• Given data
--- START ---

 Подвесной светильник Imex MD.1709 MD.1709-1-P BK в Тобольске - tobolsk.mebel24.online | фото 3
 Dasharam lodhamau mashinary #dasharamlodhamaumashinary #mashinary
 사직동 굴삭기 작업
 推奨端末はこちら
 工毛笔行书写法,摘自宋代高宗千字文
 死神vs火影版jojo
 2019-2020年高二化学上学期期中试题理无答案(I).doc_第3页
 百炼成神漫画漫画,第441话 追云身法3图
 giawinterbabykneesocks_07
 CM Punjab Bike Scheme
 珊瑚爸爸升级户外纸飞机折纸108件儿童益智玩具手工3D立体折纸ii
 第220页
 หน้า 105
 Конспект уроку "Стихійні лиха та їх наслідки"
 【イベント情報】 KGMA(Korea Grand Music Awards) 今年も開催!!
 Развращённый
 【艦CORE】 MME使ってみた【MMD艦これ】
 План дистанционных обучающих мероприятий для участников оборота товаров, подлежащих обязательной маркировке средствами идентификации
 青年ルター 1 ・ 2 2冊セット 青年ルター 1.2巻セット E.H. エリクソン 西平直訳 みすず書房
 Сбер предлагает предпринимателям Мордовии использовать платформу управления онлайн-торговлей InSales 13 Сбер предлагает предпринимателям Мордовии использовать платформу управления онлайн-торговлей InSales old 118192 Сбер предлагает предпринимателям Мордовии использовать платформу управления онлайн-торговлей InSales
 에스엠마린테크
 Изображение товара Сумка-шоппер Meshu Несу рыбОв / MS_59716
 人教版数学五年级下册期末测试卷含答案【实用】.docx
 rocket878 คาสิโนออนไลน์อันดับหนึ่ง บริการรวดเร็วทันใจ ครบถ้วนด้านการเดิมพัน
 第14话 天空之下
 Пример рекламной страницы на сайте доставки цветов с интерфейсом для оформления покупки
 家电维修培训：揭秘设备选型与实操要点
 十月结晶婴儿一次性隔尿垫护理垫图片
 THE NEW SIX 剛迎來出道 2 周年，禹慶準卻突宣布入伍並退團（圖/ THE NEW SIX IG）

--- END ---

• Required work
Each entry above is to be written out exactly.

• Exercise solution
 Подвесной светильник Imex MD.1709 MD.1709-1-P BK в Тобольске - tobolsk.mebel24.online | фото 3
 Dasharam lodhamau mashinary #dasharamlodhamaumashinary #mashinary
 사직동 굴삭기 작업
 推奨端末はこちら
 工毛笔行书写法,摘自宋代高宗千字文
 死神vs火影版jojo
 2019-2020年高二化学上学期期中试题理无答案(I).doc_第3页
 百炼成神漫画漫画,第441话 追云身法3图
 giawinterbabykneesocks_07
 CM Punjab Bike Scheme
 珊瑚爸爸升级户外纸飞机折纸108件儿童益智玩具手工3D立体折纸ii
 第220页
 หน้า 105
 Конспект уроку "Стихійні лиха та їх наслідки"
 【イベント情報】 KGMA(Korea Grand Music Awards) 今年も開催!!
 Развращённый
 【艦CORE】 MME使ってみた【MMD艦これ】
 План дистанционных обучающих мероприятий для участников оборота товаров, подлежащих обязательной маркировке средствами идентификации
 青年ルター 1 ・ 2 2冊セット 青年ルター 1.2巻セット E.H. エリクソン 西平直訳 みすず書房
 Сбер предлагает предпринимателям Мордовии использовать платформу управления онлайн-торговлей InSales 13 Сбер предлагает предпринимателям Мордовии использовать платформу управления онлайн-торговлей InSales old 118192 Сбер предлагает предпринимателям Мордовии использовать платформу управления онлайн-торговлей InSales
 에스엠마린테크
 Изображение товара Сумка-шоппер Meshu Несу рыбОв / MS_59716
 人教版数学五年级下册期末测试卷含答案【实用】.docx
 rocket878 คาสิโนออนไลน์อันดับหนึ่ง บริการรวดเร็วทันใจ ครบถ้วนด้านการเดิมพัน
 第14话 天空之下
 Пример рекламной страницы на сайте доставки цветов с интерфейсом для оформления покупки
 家电维修培训：揭秘设备选型与实操要点
 十月结晶婴儿一次性隔尿垫护理垫图片
 THE NEW SIX 剛迎來出道 2 周年，禹慶準卻突宣布入伍並退團（圖/ THE NEW SIX IG）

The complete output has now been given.